The words ‘peace through integrity, and honour through devotedness’ in our First Reading of Baruch caught my imagination today. That word ‘integrity’ is used more often these days in referring to honesty and moral principles, especially when we think of work ethics or corruption, or the mismanagement of funds in public or private arenas. We think less of the intrinsic value that ‘integrity’ points towards: the state of being whole and undivided; completeness, coherence, unity.
It is this yearning for a deep wholeness and peace that our world today lacks – peace through a ‘complete, united, whole and undivided’ love and respect for God. I realised that the yearning for a source of Divine Peace is truly universal. Otherwise, all of the world would not recognise, in solidarity, that the outbreak of terror and war has destroyed peace in the world and our families. And peace in our own hearts. Isn’t it true that the realisation of lack implies the need for that which is lacking? The same goes for the moments when we feel unloved and rejected. This feeling opens our eyes to realising our deep ache for acceptance and love.
It is a great sadness that when we do have love, we think little of it or may wish to be loved with greater thrill; when we have peace and stability, we see our mundanity as boring and routine; when we have the joys of waking up each new day, that we wish we could snooze longer and not have to wake up to face the daily grind. I find myself in this struggle, and it is indeed a hallmark of being human – the never ending ability to tend towards feeling disgruntled and ungrateful. And it is true too that those of us who do know God, have sometimes grieved Him so much. After all, our Heavenly Maker did give us this coveted ‘free will’.
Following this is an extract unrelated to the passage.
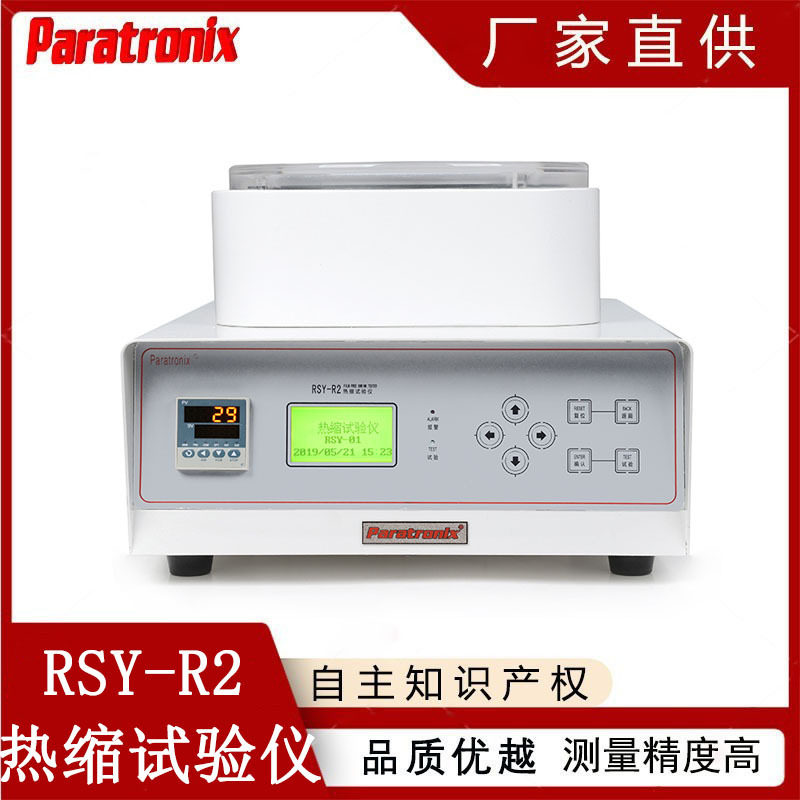 RSY-R2酸奶连杯装外部热收缩膜试验仪 普创科技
At the same time, this freedom we have been given puts before us a task to ‘choose’ peace through integrity, and honour through devotedness. Peace and honour, joy, beauty and glory, love and compassion do not come without our striving. These come from our choosing to respond to our deep inmost desires for wholeness, completeness and unity with God through Jesus Christ. This is why the book of Baruch exhorts Jerusalem to ‘take off your dress of sorrow and distress, put on the beauty of the glory of God for ever, wrap the cloak of the integrity of God around you, put the diadem of the glory of the Eternal on your head…’
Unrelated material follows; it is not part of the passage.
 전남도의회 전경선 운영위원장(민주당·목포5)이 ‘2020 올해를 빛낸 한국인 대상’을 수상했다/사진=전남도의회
Likewise, the joy of claiming the Gospel, the good news of our salvation, is written beautifully by St Paul in the Second Reading. ‘Every time I pray for all of you, I pray with joy, remembering how you have helped to spread the Good News from the day you first heard it right up to the present… the One who began this good work in you will see that it is finished when the Day of Christ Jesus comes… My prayer is that your love for each other may increase more and more… This will help you… and prepare you for the Day of Christ, when you will reach the perfect goodness which Jesus Christ produces in us for the glory and praise of God.’ (Philippians 1:4-11)
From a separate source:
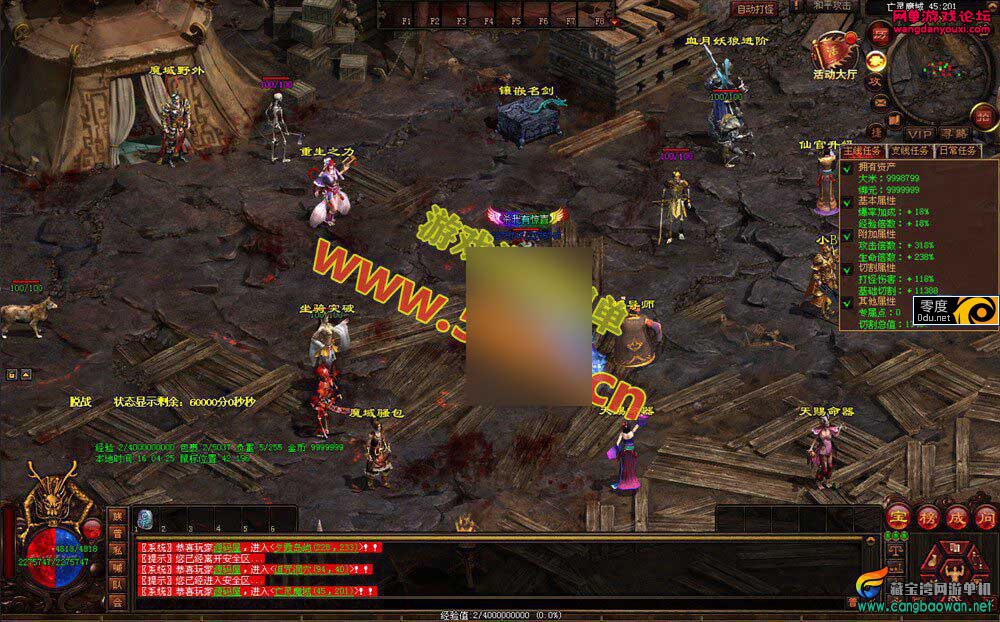 145245thnnnrngwshjj6gn.jpg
Our wait for Jesus this Advent, and indeed the everyday advent of our lives, requires of us an active participation in cleaving to the joy and zeal of our missionary faith and our filial love and devotion to God who is our Heavenly Father.
(Today’s OXYGEN by Debbie Loo)
Prayer: Heavenly Father, I seek you first in all my ways and days. Help me to wait in active hope and joy of Your promises and blessings in the ups and downs of life.
Thanksgiving: Jesus, in this time of worldly crisis, we thank you for the memory of your reign on earth in a form that people could not recognise. We trust therefore that murky as the times are today, your Glory is hidden but not absent. Jesus, we continue to trust in you.